Yuji Zhang


2023

pdf
VIBE: Topic-Driven Temporal Adaptation for Twitter Classification
Yuji Zhang | Jing Li | Wenjie Li
Proceedings of the 2023 Conference on Empirical Methods in Natural Language Processing

Language features are evolving in real-world social media, resulting in the deteriorating performance of text classification in dynamics. To address this challenge, we study temporal adaptation, where models trained on past data are tested in the future. Most prior work focused on continued pretraining or knowledge updating, which may compromise their performance on noisy social media data. To tackle this issue, we reflect feature change via modeling latent topic evolution and propose a novel model, VIBE: Variational Information Bottleneck for Evolutions. Concretely, we first employ two Information Bottleneck (IB) regularizers to distinguish past and future topics. Then, the distinguished topics work as adaptive features via multi-task training with timestamp and class label prediction. In adaptive learning, VIBE utilizes retrieved unlabeled data from online streams created posterior to training data time.
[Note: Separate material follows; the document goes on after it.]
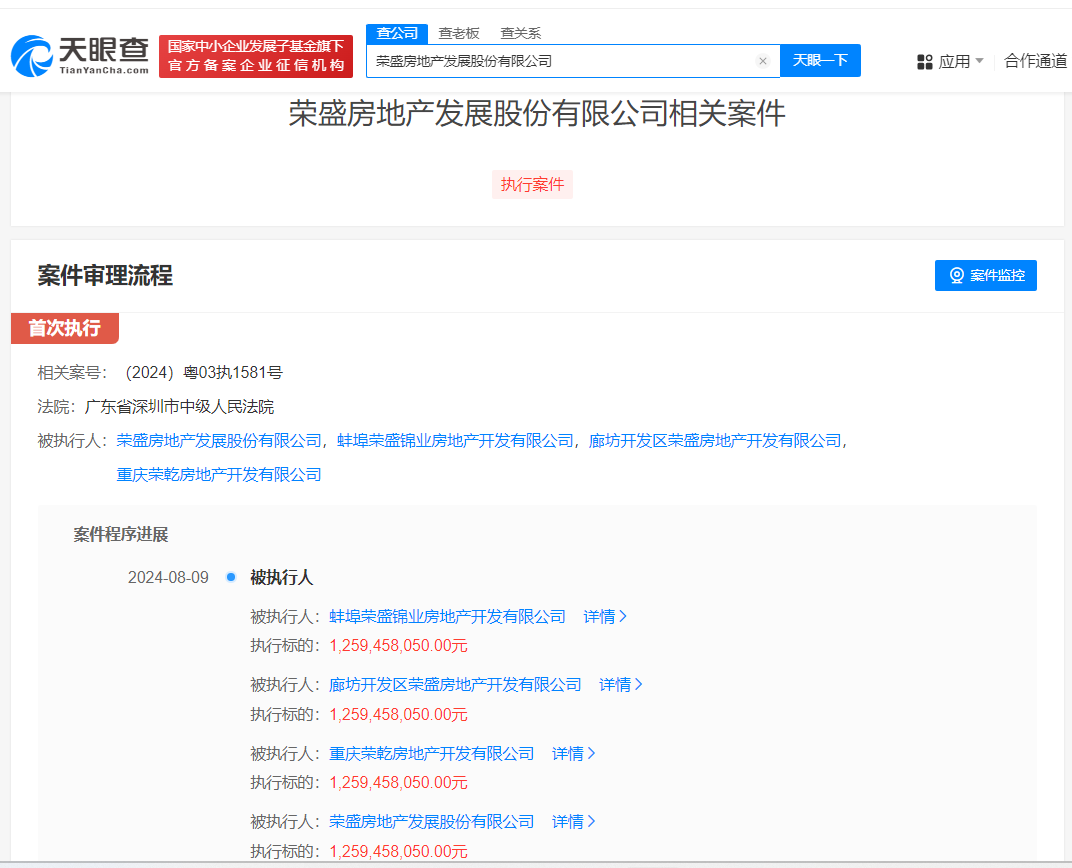 荣盛发展等被强执12.59亿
Substantial Twitter experiments on three classification tasks show that our model, with only 3% of data, significantly outperforms previous state-of-the-art continued-pretraining methods.

2021

pdf
Engage the Public: Poll Question Generation for Social Media Posts
Zexin Lu | Keyang Ding | Yuji Zhang | Jing Li | Baolin Peng | Lemao Liu
Proceedings of the 59th Annual Meeting of the Association for Computational Linguistics and the 11th International Joint Conference on Natural Language Processing (Volume 1: Long Papers)
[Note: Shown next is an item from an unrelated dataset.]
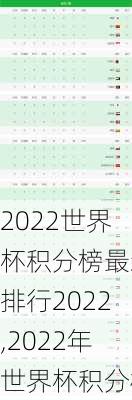 2022世界杯积分榜最新排行2022,2022年世界杯积分榜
This paper presents a novel task to generate poll questions for social media posts. It offers an easy way to hear the voice from the public and learn from their feelings to important social topics. While most related work tackles formal languages (e.g., exam papers), we generate poll questions for short and colloquial social media messages exhibiting severe data sparsity. To deal with that, we propose to encode user comments and discover latent topics therein as contexts. They are then incorporated into a sequence-to-sequence (S2S) architecture for question generation and its extension with dual decoders to additionally yield poll choices (answers). For experiments, we collect a large-scale Chinese dataset from Sina Weibo containing over 20K polls. The results show that our model outperforms the popular S2S models without exploiting topics from comments and the dual decoder design can further benefit the prediction of both questions and answers. Human evaluations further exhibit our superiority in yielding high-quality polls helpful to draw user engagements.

pdf
#HowYouTagTweets: Learning User Hashtagging Preferences via Personalized Topic Attention
Yuji Zhang | Yubo Zhang | Chunpu Xu | Jing Li | Ziyan Jiang | Baolin Peng
Proceedings of the 2021 Conference on Empirical Methods in Natural Language Processing

Millions of hashtags are created on social media every day to cross-refer messages concerning similar topics. To help people find the topics they want to discuss, this paper characterizes a user’s hashtagging preferences via predicting how likely they will post with a hashtag. It is hypothesized that one’s interests in a hashtag are related with what they said before (user history) and the existing posts present the hashtag (hashtag contexts). These factors are married in the deep semantic space built with a pre-trained BERT and a neural topic model via multitask learning. In this way, user interests learned from the past can be customized to match future hashtags, which is beyond the capability of existing methods assuming unchanged hashtag semantics. Furthermore, we propose a novel personalized topic attention to capture salient contents to personalize hashtag contexts. Experiments on a large-scale Twitter dataset show that our model significantly outperforms the state-of-the-art recommendation approach without exploiting latent topics.

2020

pdf
Hashtags, Emotions, and Comments: A Large-Scale Dataset to Understand Fine-Grained Social Emotions to Online Topics
Keyang Ding | Jing Li | Yuji Zhang
Proceedings of the 2020 Conference on Empirical Methods in Natural Language Processing (EMNLP)

This paper studies social emotions to online discussion topics. While most prior work focus on emotions from writers, we investigate readers’ responses and explore the public feelings to an online topic. A large-scale dataset is collected from Chinese microblog Sina Weibo with over 13 thousand trending topics, emotion votes in 24 fine-grained types from massive participants, and user comments to allow context understanding. In experiments, we examine baseline performance to predict a topic’s possible social emotions in a multilabel classification setting. The results show that a seq2seq model with user comment modeling performs the best, even surpassing human prediction. More analyses shed light on the effects of emotion types, topic description lengths, contexts from user comments, and the limited capacity of the existing models.